▶ [What is required]: The lines in the listing below are to be given again exactly, starting at the line holding "Where Forms Breathe by Tatiana Malinovscaia" and ending at the line holding "Béziers - Fête de Saint Jacques ........". Do not include pictures.

▶ [Records provided]:
###

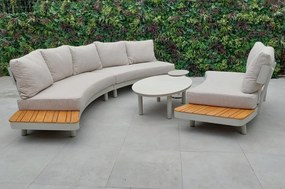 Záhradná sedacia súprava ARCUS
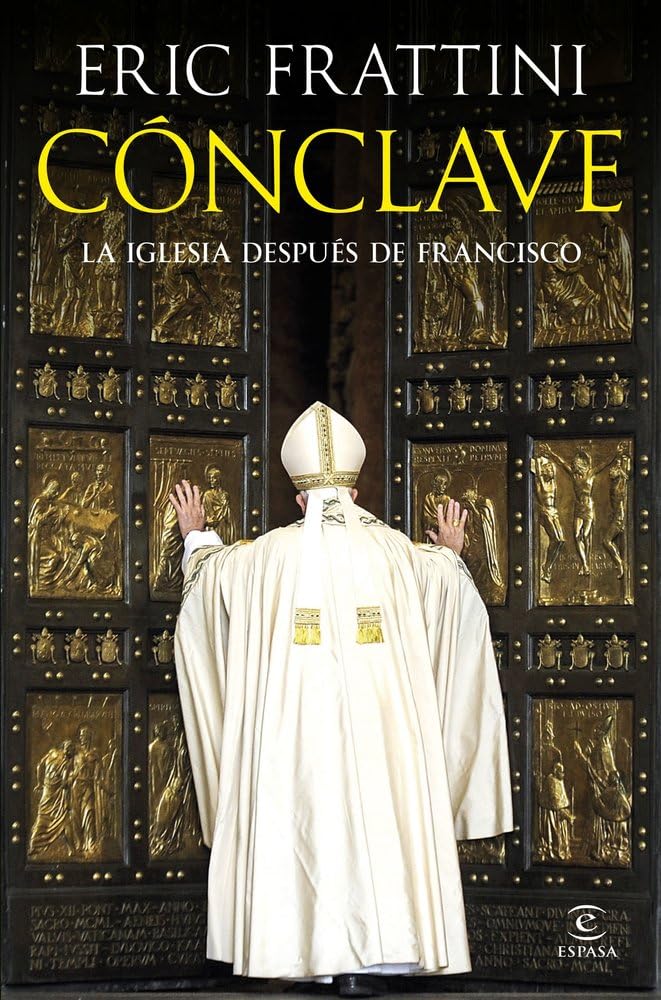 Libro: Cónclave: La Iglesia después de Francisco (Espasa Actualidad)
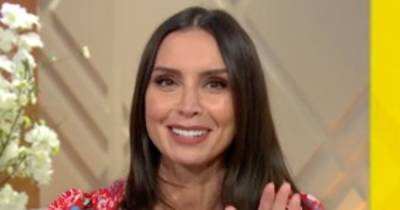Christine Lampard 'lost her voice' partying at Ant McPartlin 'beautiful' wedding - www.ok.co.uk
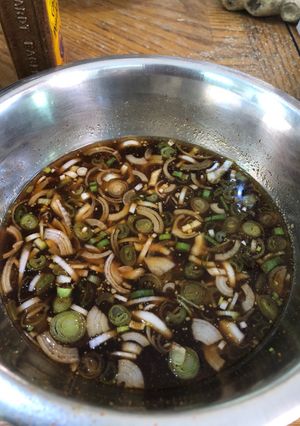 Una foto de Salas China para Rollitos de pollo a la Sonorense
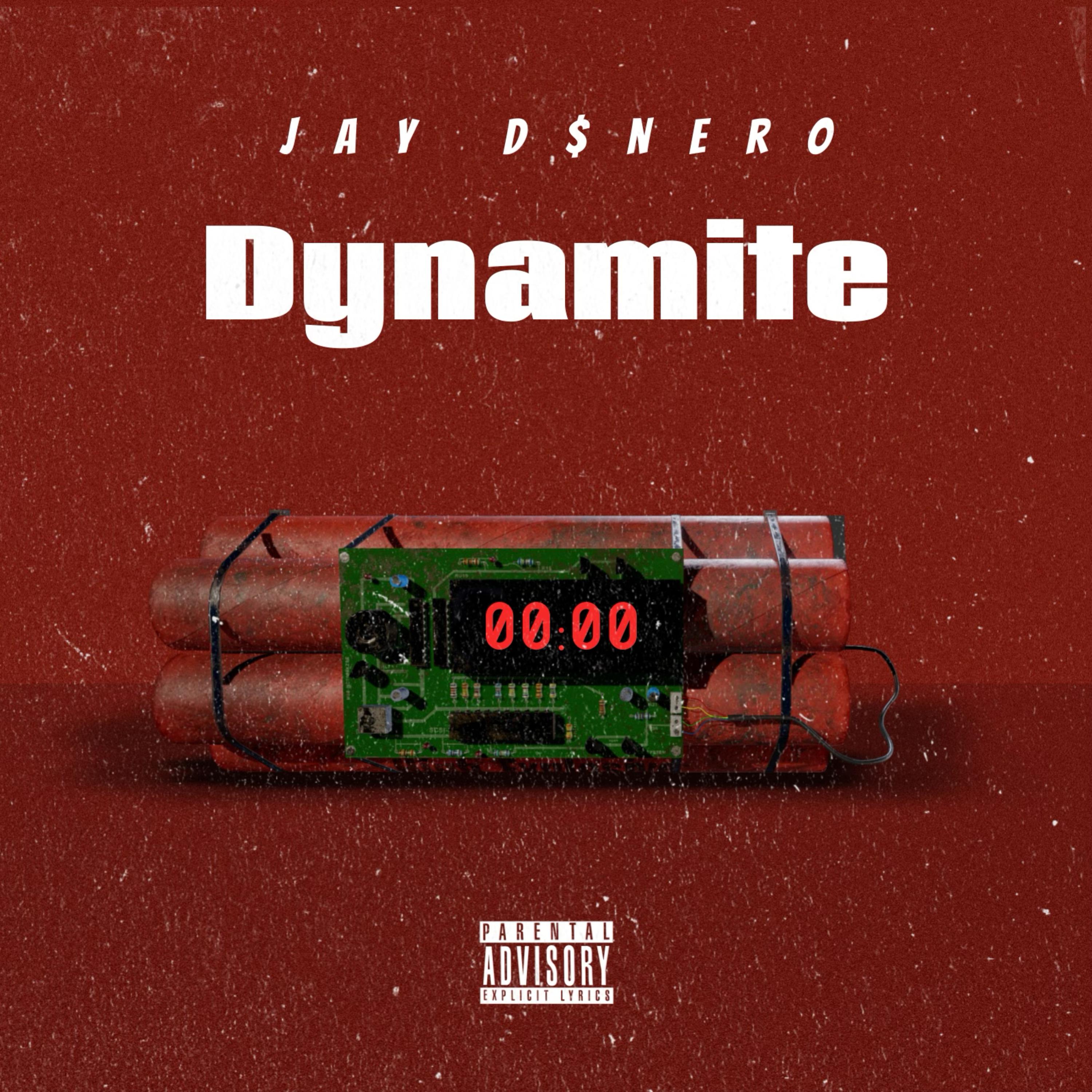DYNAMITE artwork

###

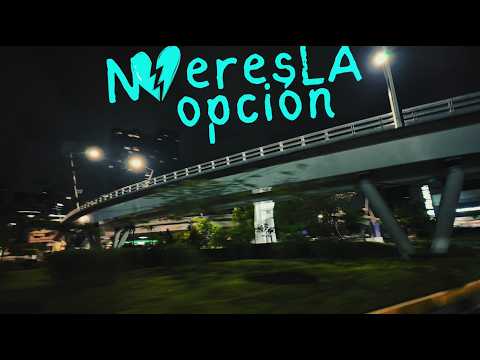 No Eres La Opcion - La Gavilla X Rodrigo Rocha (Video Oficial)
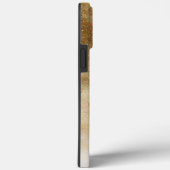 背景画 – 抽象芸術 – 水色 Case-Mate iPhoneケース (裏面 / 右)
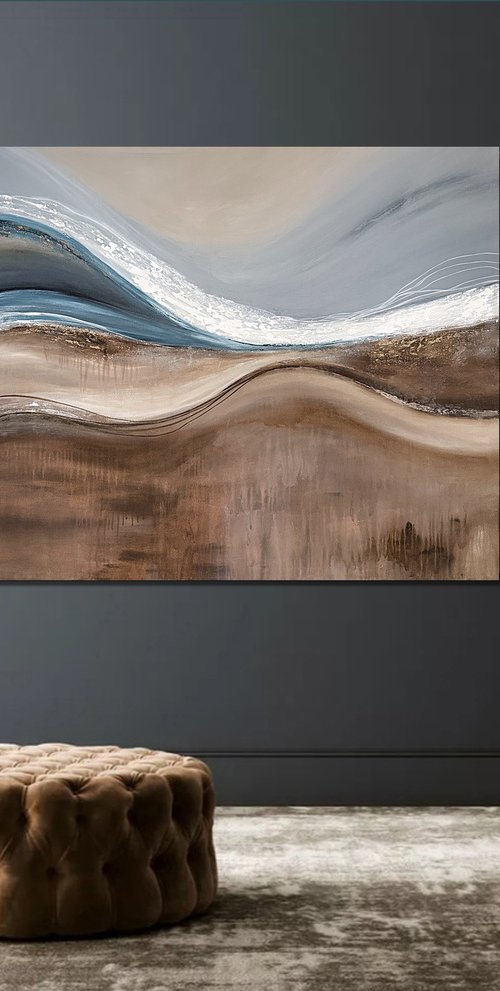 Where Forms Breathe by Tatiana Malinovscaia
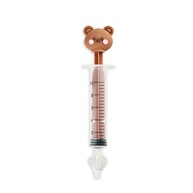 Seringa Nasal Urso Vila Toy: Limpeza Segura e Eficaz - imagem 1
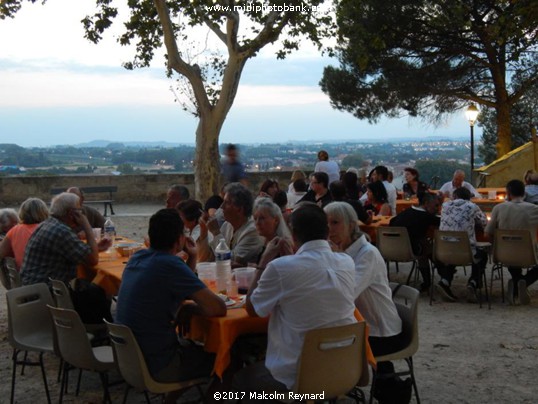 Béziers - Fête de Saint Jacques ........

###

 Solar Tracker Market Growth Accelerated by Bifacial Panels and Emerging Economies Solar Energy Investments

###

▶ [Written response]:
 Where Forms Breathe by Tatiana Malinovscaia
 Seringa Nasal Urso Vila Toy: Limpeza Segura e Eficaz - imagem 1
 Béziers - Fête de Saint Jacques ........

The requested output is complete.